El domingo acudí dos veces a votar. En la primera las largas filas me obligaron a interrumpir mi propósito, pues tenía una cita con Sergio Sarmiento y Lupita Juárez para hablar en su programa de radio acerca de la jornada. En el segundo intento tuve más suerte, si bien implicó casi dos horas de fila. Todos mis vecinos son cordiales, amables, correctos. Los funcionarios de casilla en la actitud ejemplar que siempre los caracteriza, yo digo que son el verdadero ejército de la democracia.
Voté una parte con el corazón, otra con el estómago y otra con el cerebro. Hay personajes cuya mera presencia en la vida pública me parece invaluable, indispensable: tal es el caso de la maestra Ifigenia Martínez, icono de la izquierda y sus luchas democráticas, mujer ejemplar, y ojalá futura diputada federal. En otros casos sí medité mucho mi voto, poniendo pros y contras en la balanza. Y el estómago intervino en algunas otras boletas en las que simple y sencillamente me dijo que NO podíamos votar por uno que otro personaje tóxico y nocivo.
Hubo gran afluencia en mi casilla, gran civilidad también, pero me equivocaría yo si pensara que ese microcosmos urbano y próspero es un reflejo de la realidad nacional. Si algo he aprendido con los años es que nuestro país no solo es diverso en el sentido romántico y casi folclórico que algunos le dan a la diversidad, sino en los hirientes abismos de desigualdad, de carencias, de marginación y explotación cotidiana.
Tal vez porque me tocó vivir de niño en varios lugares ajenos al mío, tuve que aprender (a cocolazos a veces) a tratar de entender a mis nuevos entornos y adaptarme a ellos. Eso lo obliga a uno a la empatía no solo como vocación humanista sino como herramienta de supervivencia, y eso nos forma (o no) para tratar de ver más allá de nuestra burbuja, de nuestras cámaras de eco.
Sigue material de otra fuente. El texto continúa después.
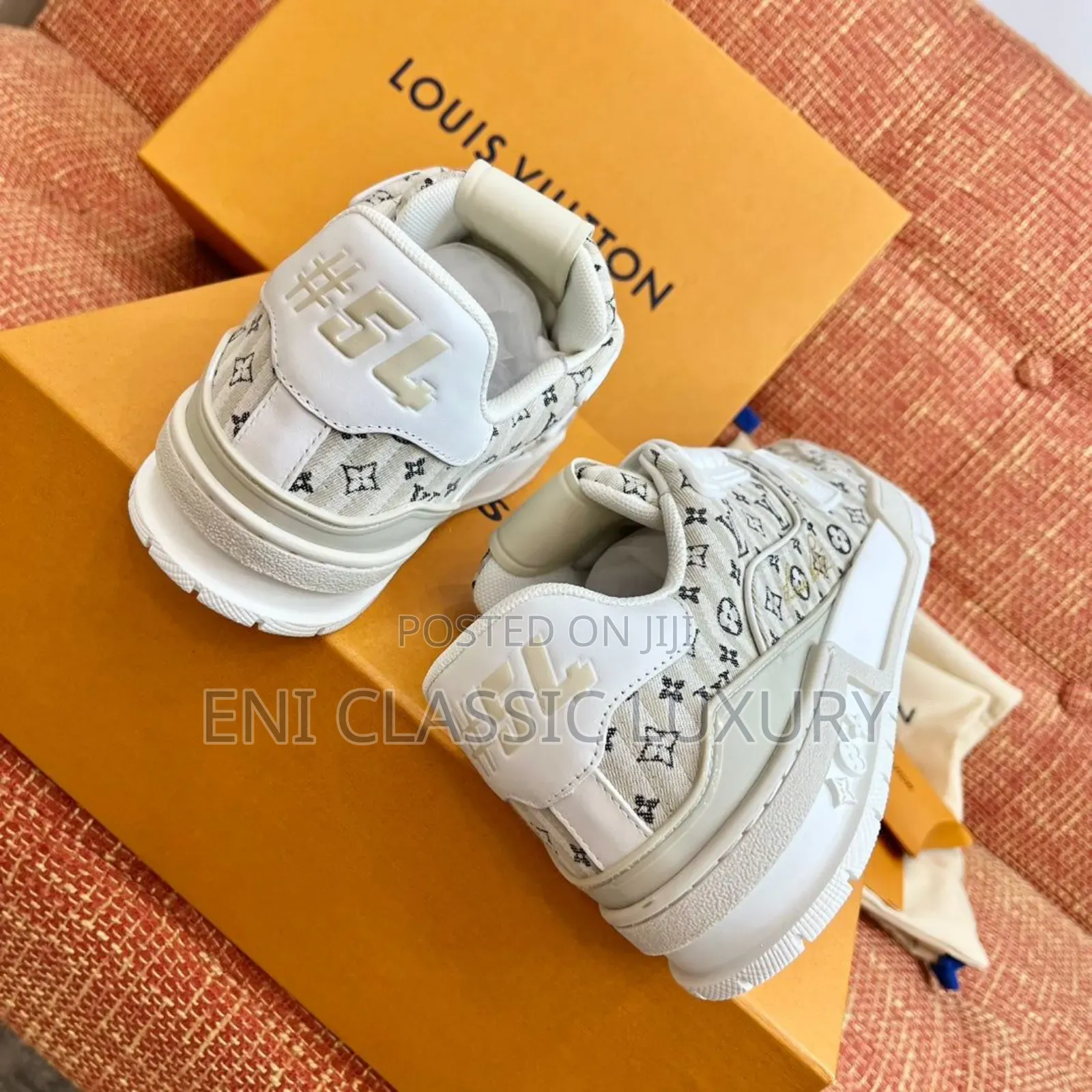Top Quality Luxury Men's Sneakers Louis Vuitton Available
Les cuento esto, queridos lectores, porque hoy, después de una jornada electoral en la que millones de ciudadanos acudieron a votar, en que muchísimos otros fueron funcionarios de casilla, en que tuvimos saldo blanco y en que los resultados fueron aceptados por prácticamente todos los actores políticos, cabe preguntarse qué es lo que sigue. No para la próxima presidenta de México, Claudia Sheinbaum, sino para quienes vimos los encontronazos entre amigos, familiares y conocidos, las palabras de odio y descalificación en las redes y en las conversaciones, las relaciones rotas o interrumpidas, o simplemente deterioradas más allá de cualquier posibilidad de remiendo.
¿O no? ¿Será que me equivoco y que sí podemos restablecer el diálogo, el respeto, la civilidad? ¿Será que podemos dejar a un lado a los políticos profesionales y a los atizadores de odio en los medios y las redes? ¿Qué podemos reconocernos como personas dignas de respeto, tolerancia y empatía?
Yo me he propuesto hacer mi parte: ni burlas ni ofensas a quienes perdieron, ni agravios e infundios a quienes participaron. Tolerancia, empatía, respeto a las opiniones diferentes, puentes, puentes y más puentes de diálogo con quienes están a nuestro alrededor.
Las elecciones terminaron. La vida y la convivencia tienen que continuar, para que todos ganemos.